¹ Department of Animal Science, Michigan State University, East Lansing, Michigan 48824, USA² Department of Veterinary and Animal Sciences, University of Massachusetts, Amherst, Massachusetts 01003, USA³ Department of Physiology, Michigan State University, East Lansing, Michigan 48824, USA⁴ Programa Andaluz de Terapia Celular y Medicina Regenerativa, 41092 Andalucía, Spain

Correspondence should be addressed to J B Cibelli; Email: cibelli{at}msu.edu

The production of cloned animals by the transfer of a differentiated somatic cell into an enucleated oocyte circumvents fertilization.
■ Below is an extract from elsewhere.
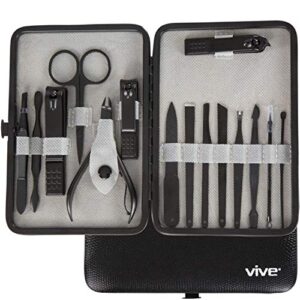 vive nail clipper set (15 piece) – manicure repair tools for grooming, pedicures, toe care, women, men, girls – with fingernail file, clipper, cuticle trimmer, tweezers, ear pick – for travel, home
During fertilization, the sperm delivers a sperm-specific phospholipase C (PLCZ) that is responsible for triggering Ca²⁺ oscillations and oocyte activation. During bovine somatic cell nuclear transfer (SCNT), oocyte activation is artificially achieved by combined chemical treatments that induce a monotonic rise in intracellular Ca²⁺ and inhibit either phosphorylation or protein synthesis. In this study, we tested the hypothesis that activation of bovine nuclear transfer embryos by PLCZ improves nuclear reprogramming. Injection of PLCZ cRNA into bovine SCNT units induced Ca²⁺ oscillations similar to those observed after fertilization and supported high rates of blastocyst development similar to that seen in embryos produced by IVF. Furthermore, gene expression analysis at the eight-cell and blastocyst stages revealed a similar expression pattern for a number of genes in both groups of embryos. Lastly, levels of trimethylated lysine 27 at histone H3 in blastocysts were higher in bovine nuclear transfer embryos activated using cycloheximide and 6-dimethylaminopurine (DMAP) than in those activated using PLCZ or derived from IVF. These results demonstrate that exogenous PLCZ can be used to activate bovine SCNT-derived embryos and support the hypothesis that a fertilization-like activation response can enhance some aspects of nuclear reprogramming.